Classification format

Classification datasets must be organized as a folder containing one subfolder per class, each one containing .wav files:

data_parent/
  class_a/
    sample_001.wav
    sample_002.wav
  class_b/
    example_001.wav
    example_002.wav
  ...

Audio requirements

  • File type: .wav
  • Channels: mono or stereo (stereo is automatically converted to mono by averaging channels)
  • Sample rate: audio is resampled to the sample_rate you pass to NWaveDataGen
  • Length: each waveform is padded or trimmed to exactly recording_duration_s

Labels

Labels are derived from folder names (e.g., class_a, class_b).


Regression format

Regression datasets are organized with a wavs/ folder for inputs and a target/ folder for targets:

data_parent/
  wavs/
    file_001.wav
    file_002.wav
  target/
    file_001.pt
    file_002.pt
  • Each .wav must have a corresponding target tensor stored as:
  • target/<stem>.pt where <stem> is the wav filename without extension.
  • Example: wavs/file_001.wavtarget/file_001.pt

Target tensor requirements

Targets must be torch.Tensor objects saved with torch.save(...).

The target must match the time axis of the extracted features (same number of time bins produced by the filterbank + time binning).
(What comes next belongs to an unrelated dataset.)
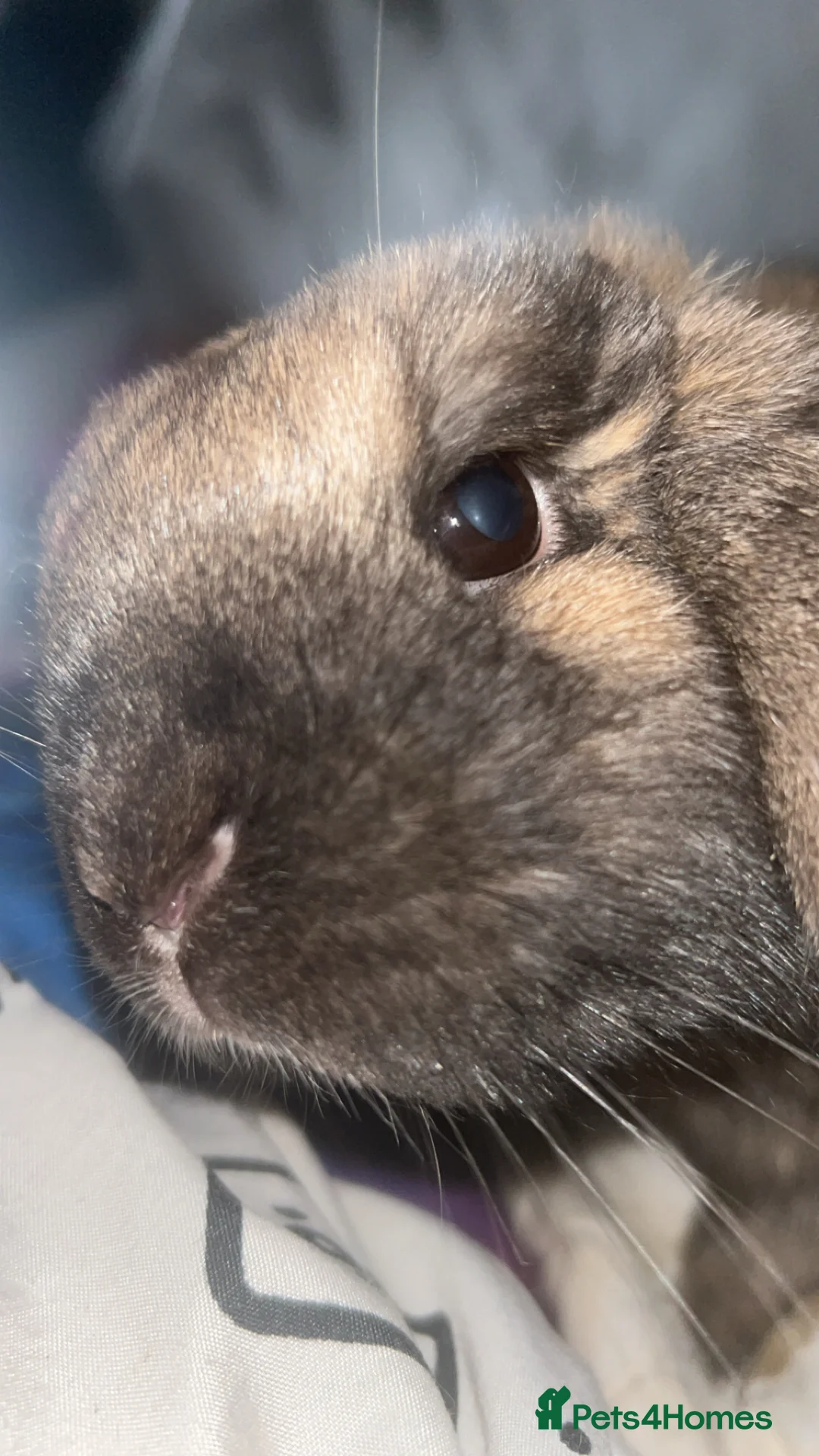 French Lop rabbits for sale: Male indoor lop rabbit ,not neutered ,lovely brown - Advert 2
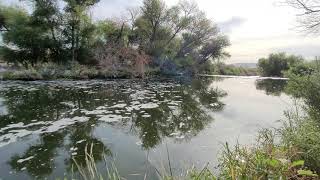 Relaxing Nature Sounds with River flow | 2h 30m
The accepted shapes for target labels y on which the per-time-bin regression will happen are (T,) (mono-channel regression) or (T, C) (multi-channel regression)


Hardware note: what is supported on-chip

At the moment, the Neuronova chip path is optimized for classification tasks.

Classification is fully supported and optimized, while regression on membrane must be explored and hardware aware network have two limiting factors:

  • is hard to define due to positive membrane constraints of chip, which prevent representing/accumulating values required by regression
  • threshold is not tunable and zero reset-mechanism: this two combined causes the membrane to always be below the threshold and lacking the expressability of values above the fixed threshold value

However, software regression is still provided for experimentation and dataset preparation since is possible to approach the problem with spikes or using function of spikes.

At the same time, user can still test regression task on the membrane with a LIF net or with a last layer with LIF neuron(s) to experiment the core net learning and using an appropriate membrane for regression itsself.